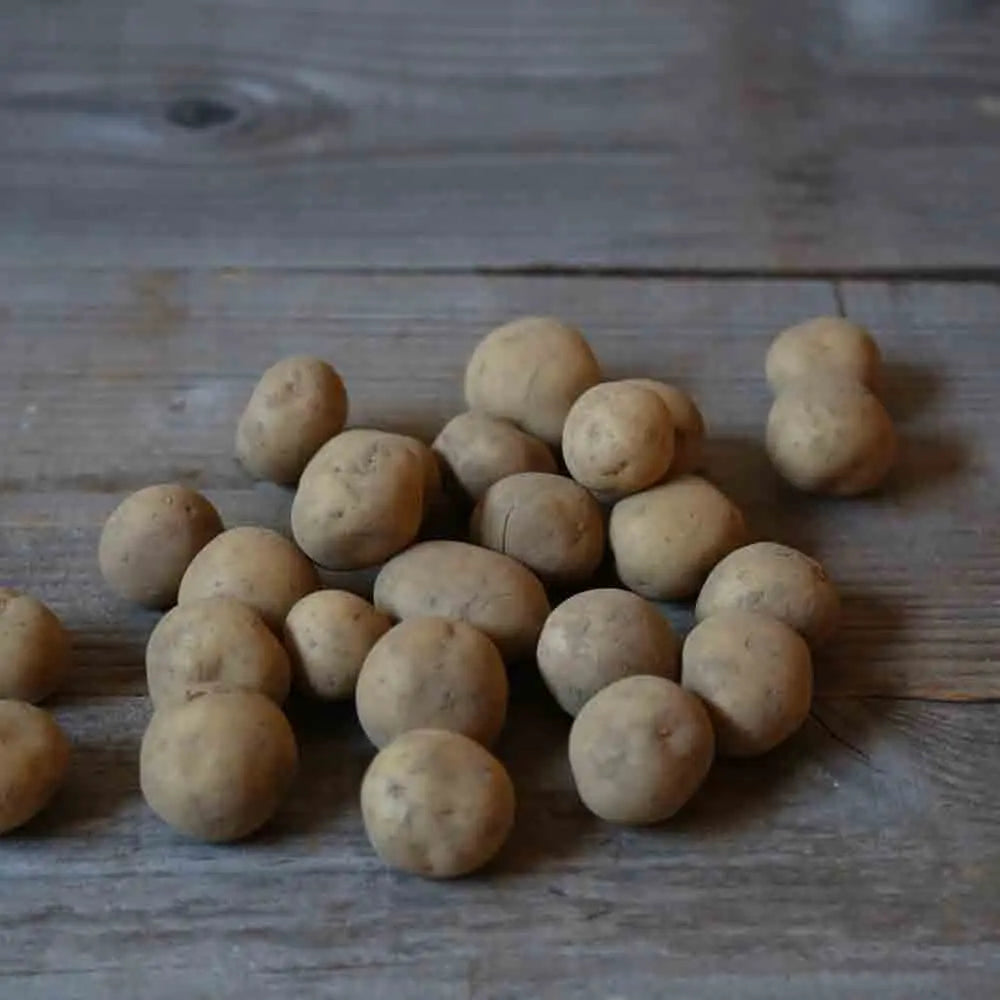 POMME DE TERRE TWISTER AB 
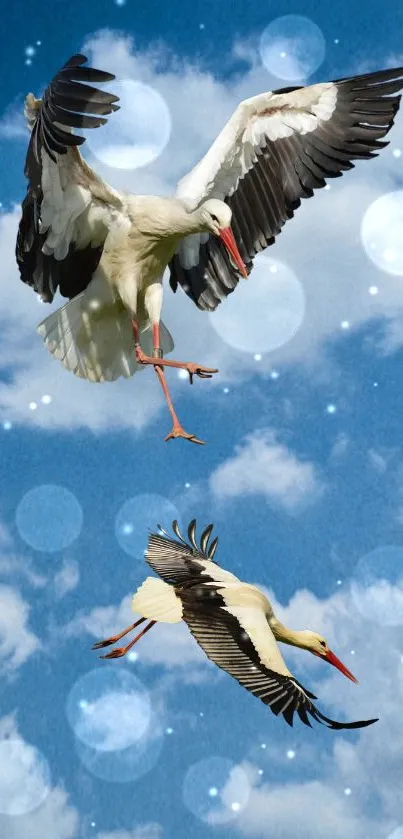 Two storks gracefully flying in a blue sky with clouds and bokeh lights.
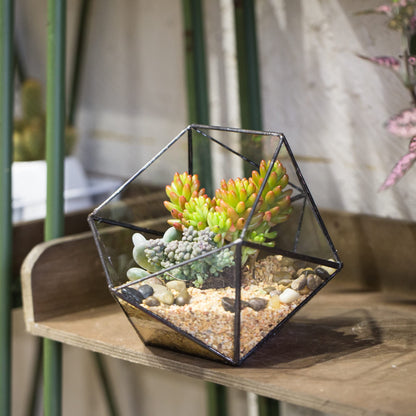 NCYP Opened Geometric Glass Terrarium, 6.69" Bowl Shape Planter for Succulent Plant Cacti, Indoor Balcony Irregular Decor, Garden Miniature Pot, Tabletop Centerpiece (No Plants)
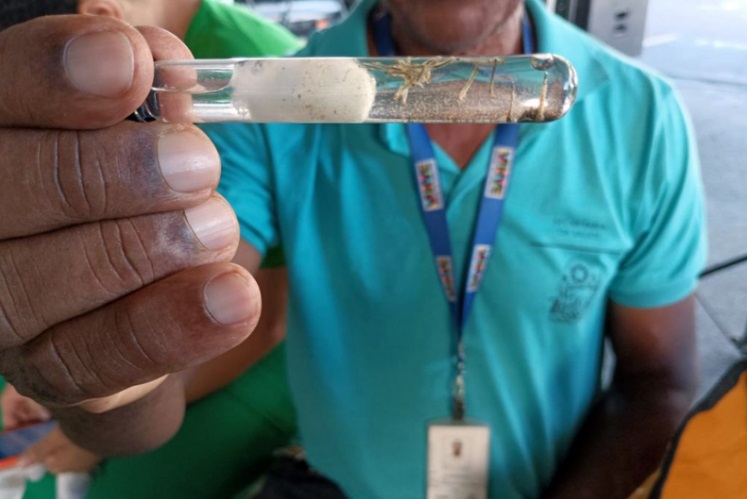 Número de mortes por dengue na Bahia chega a 22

########################################

# Work request:
An exact copy of every line above, minus the pictures, is the required output.

# Your response:
 POMME DE TERRE TWISTER AB 
 Two storks gracefully flying in a blue sky with clouds and bokeh lights.
 NCYP Opened Geometric Glass Terrarium, 6.69" Bowl Shape Planter for Succulent Plant Cacti, Indoor Balcony Irregular Decor, Garden Miniature Pot, Tabletop Centerpiece (No Plants)
 Número de mortes por dengue na Bahia chega a 22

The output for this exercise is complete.